Pakan tersedia melimpah di lautan. Kacuk biasa mencari pakan lobster dengan melaut. Pakan yang sering ia pakai adalah beberapa jenis kerang dan ikan.
"Modal untuk pakan paling cuma BBM (bahan bakar minyak) untuk melaut saja," sambung dia.
Sementara untuk bibit lobster, Kacuk membelinya dari nelayan.
Untuk mengisi satu keramba, modal yang dikeluarkan sekitar Rp 5 juta hingga Rp 6 juta.
Ketika waktunya panen, satu keramba bisa menghasilkan sekitar Rp 15 juta.
Meskipun, tak semua dari 20 keramba yang Kacuk punyai, ia manfaatkan untuk budidaya dalam setiap waktunya.
Soal pasar, Kacuk mengaku tak kesulitan. Ia biasa menjual hasil panennya ke pengepul yang punya jaringan ekspor.
Soal ini, Kacuk dari awal memang meniatkan budidayanya untuk menghasilkan lobster kualitas bagus yang layak dikirim ke luar negeri.
"Kalau di pasar lokal, cukup susah karena lobster ini harganya cukup mahal," tutur penggiat pariwisata itu.
Tak cuma jaringan pasar, Kacuk juga jeli melihat peluang. Saat harga lobster di bawah Rp 300 ribu per kg, ia tak akan memanen hasil budidayanya.
"Harganya, kalau lobster pasir, rata-rata Rp 300 ribu per kg. Tapi kalau saat-saat khusus, seperti ketika Imlek, harganya bisa naik hingga Rp 600 ribu per kg," sambung dia.

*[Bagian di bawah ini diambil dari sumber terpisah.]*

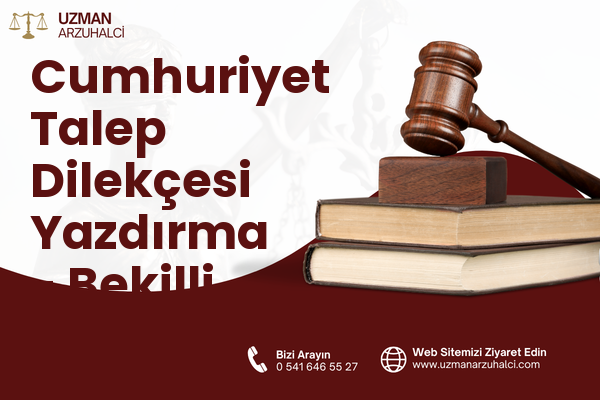 Cumhuriyet Talep Dilekçesi Yazdırma - Bekilli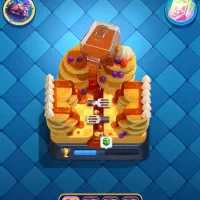 کلش رویال ۲۰۰۰ جم|کنسول، بازی ویدئویی و آنلاین|اصفهان, تخت فولاد|دیوار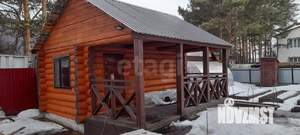 Дом 43м&sup2;, 1-этажный, участок 8 сот.  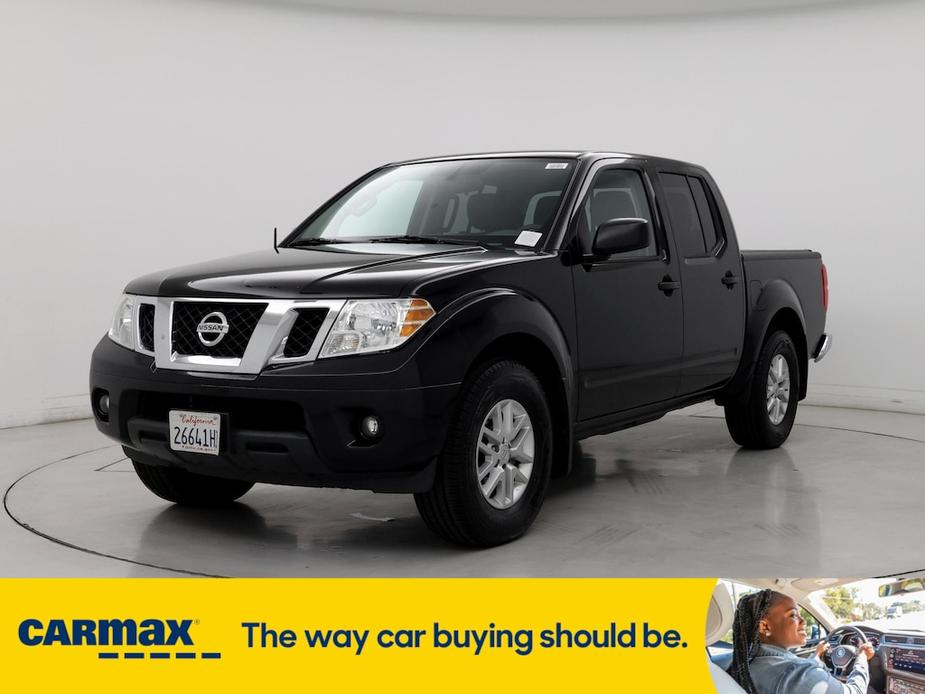 used 2021 Nissan Frontier car, priced at $23,998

Ke depan, Kacuk berencana untuk mengembangkan budidaya menggunakan keramba dasar.
Saat ini, ia masih memanfaatkan keramba atas.
Kedua keramba itu memiliki beda sistem budidaya.
Keramba atas memanfaatkan jaring yang mengambang ke dalam permukaan laut.
Sementara keramba dasar memanfaatkan kerangkeng besi dan ditaruh di kedalaman antara 10 hingga 15 meter.
Salah satu kelebihan keranda dasar, menurut Kacuk, lebih tak terpengaruh terhadap musim.
Menurut Kacuk, budidaya lobster jauh lebih mudah ketimbang budidaya udang vanam, yang saat ini menjamur di wilayah pesisir selatan Trenggalek.
Selain ongkos produksi lebih murah, perawatan budidaya lobster juga lebih mudah.
"Yang utama pakannya. Tiap hari harus diberi pakan," pungkasnya.